View Trips from Lagos in a larger map

Monday 12 July 2010

Insular Cabal

On quoting an article in the Chronicle of Higher Education, which said a recent drop in figures meant that "only 45 percent of the articles published in the 4,500 top scientific journals were cited within the first five years after publication", Chris Blattman goes one to criticize an increasingly fractionalized information market:
I share the loathing for terrible work, and increasingly obscure and specialized journals, which publish the work of an insular cabal. The great tragedy is not the production of the work, but the initiation of so many new students into mediocrity.
Not really my view at all: The Long Tail allows me to focus on what I need to focus on and help make Adam Smith' vision a reality. What's wrong is not that there's increasing specialization, but that we may not yet have built the tools to process all the information. Blattman says himself that
There are benefits to an intellectual market with low barriers to entry. A few hours a month isn’t a terrible price to pay to consume the results.
What if we could condense those few hours into a few minutes? Google and its tools, such as Google Reader are built precisely on this premise but may not go far enough. Inventions that help us sift through increasing amounts of data are going to be as important to our way of life as bicycles and cars have been.

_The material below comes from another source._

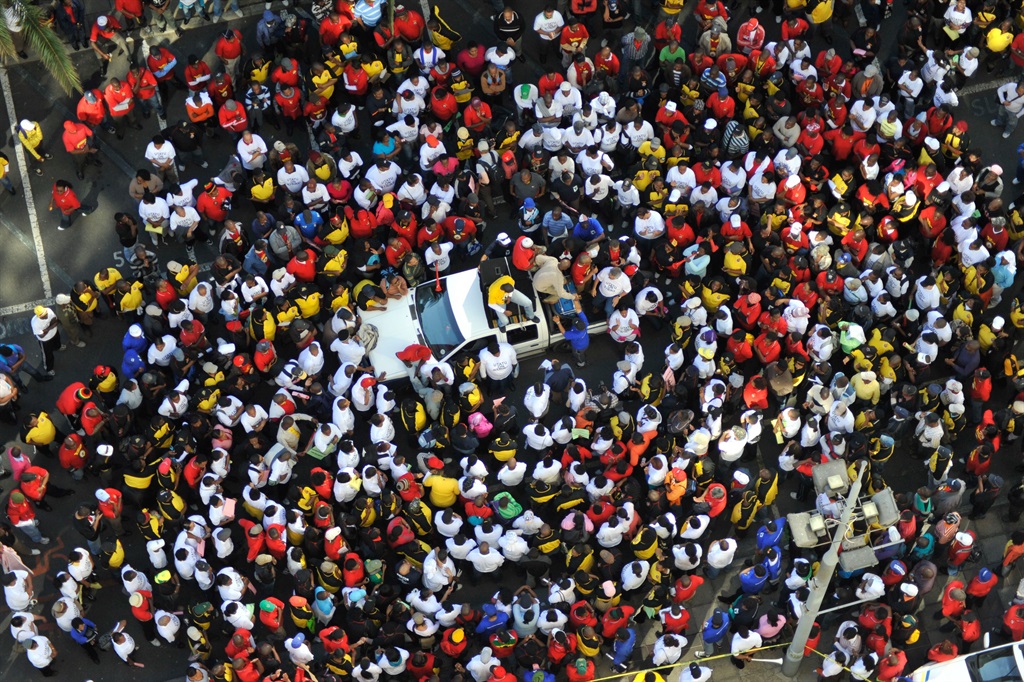 Members of the SA Transport and Allied Workers' Union and the United Transport and Allied Trade Union gather outside the Transnet Building in this file photo.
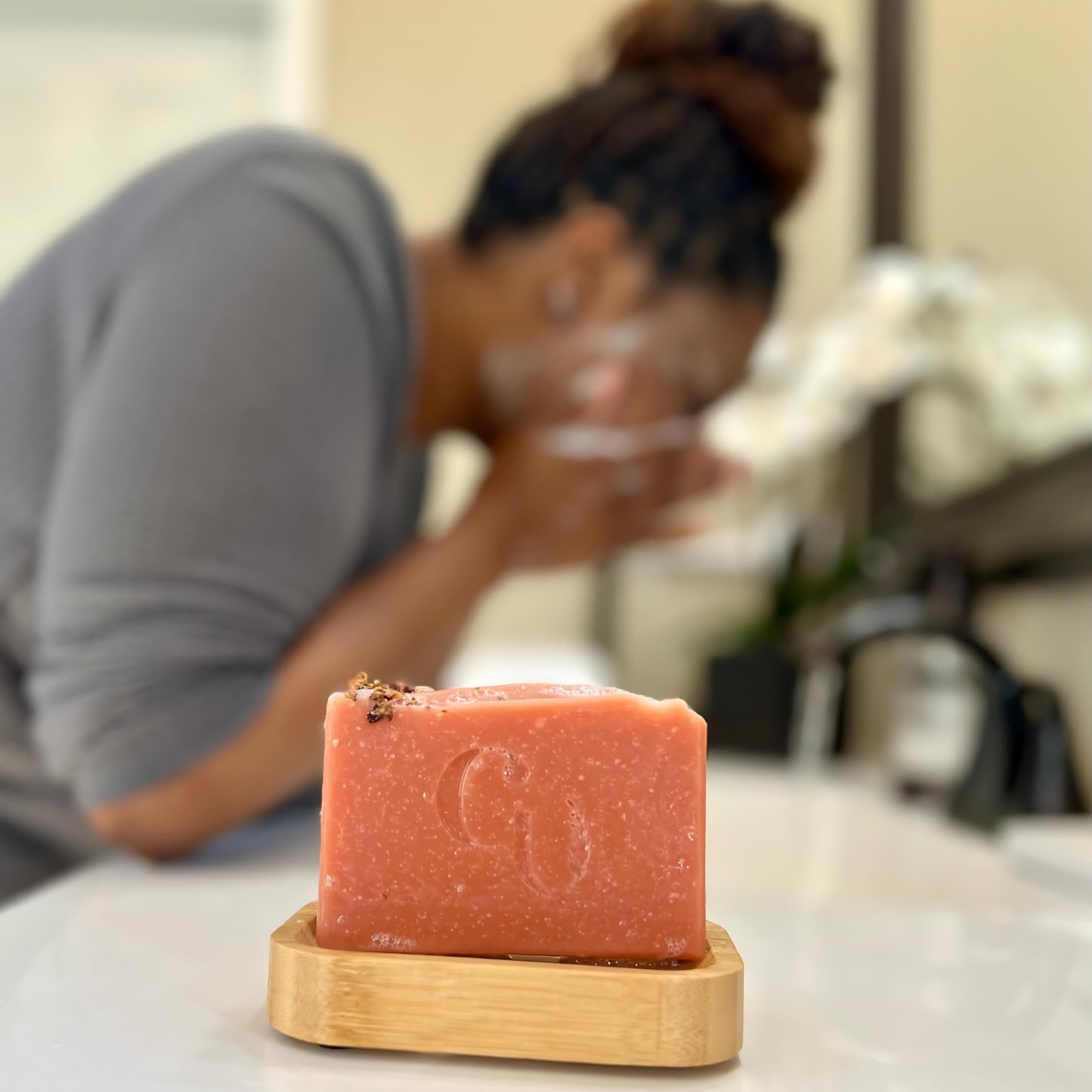 Face washing with rose clay soap, experiencing its gentle cleansing and soothing effects with a delicate floral  citrusy fragrance Cherish U®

That's not to say that we should ignore all the rest of the world. There's so much beauty in the little things that surround us, as I hope this blog shows, that simply focusing on our iota of planet is a complete waste. While we've said goodbye to the Age of Polymaths, surely we could all do with a little Thomas Young in us. The popularity of events such as TED tells me that quite a few people think this way; a counterculture to the increasing specialization is developing in parallel with it - cross-dissemination and fertilization of ideas seems to  be blossoming.